### The task
Please copy exactly the part of the records below that opens with the line containing "tri-colored mini bernedoodle near Chicago" and closes with the line containing "Авиашкола shot", leaving out any pictures.

### Material shown
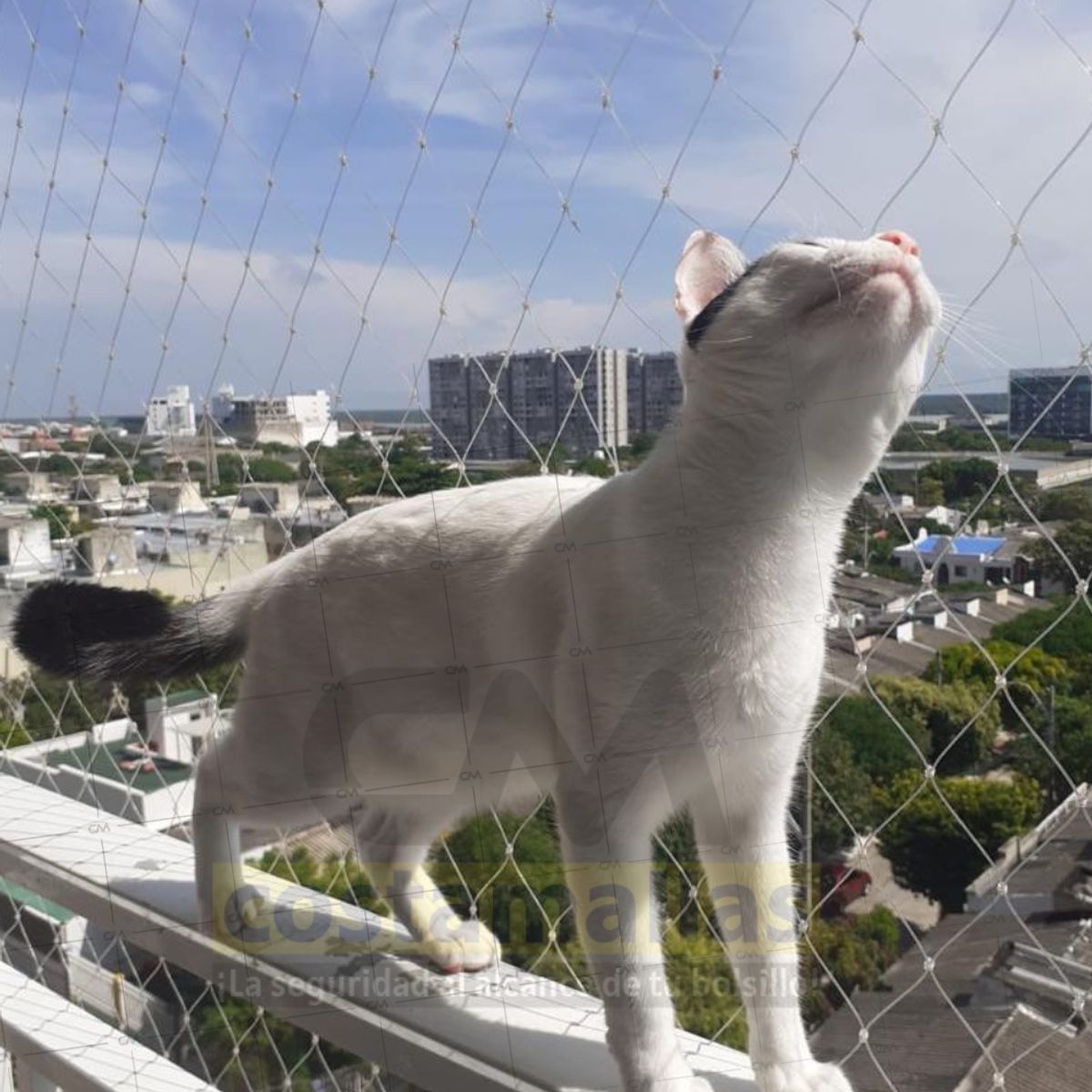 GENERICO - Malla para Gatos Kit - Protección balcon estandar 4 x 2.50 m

--

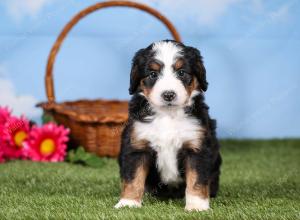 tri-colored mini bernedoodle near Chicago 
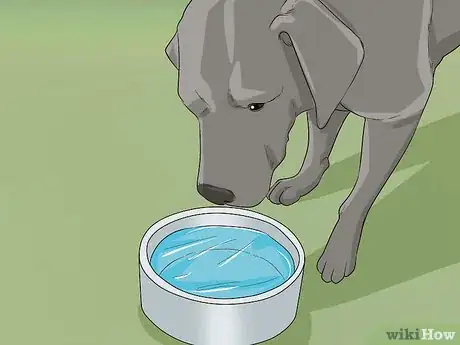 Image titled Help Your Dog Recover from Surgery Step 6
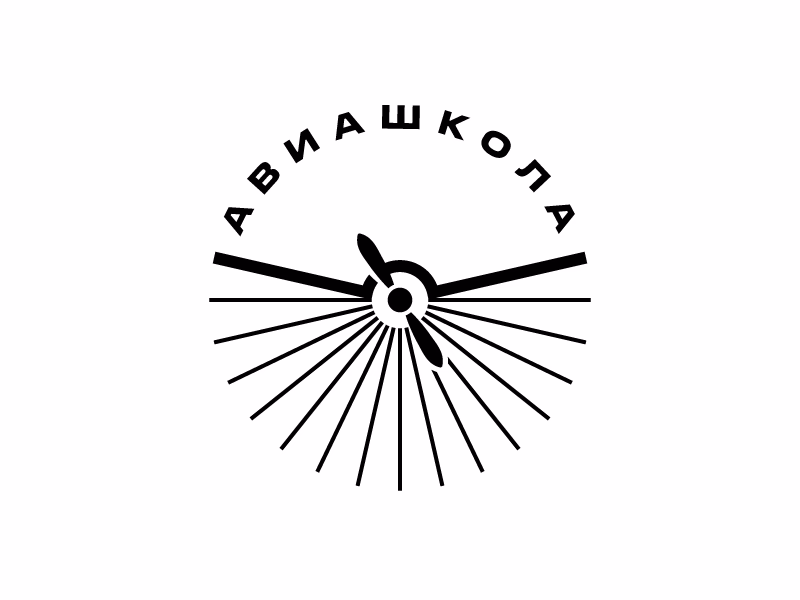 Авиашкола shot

==

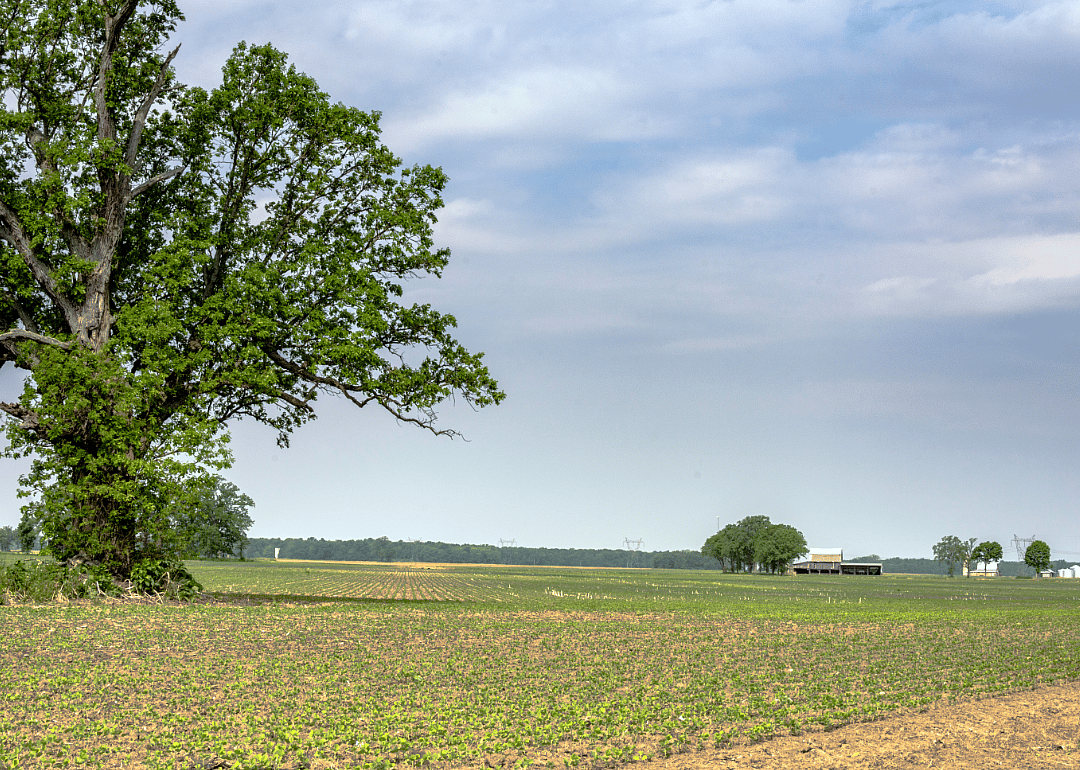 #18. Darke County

### Written response
 tri-colored mini bernedoodle near Chicago 
 Image titled Help Your Dog Recover from Surgery Step 6
 Авиашкола shot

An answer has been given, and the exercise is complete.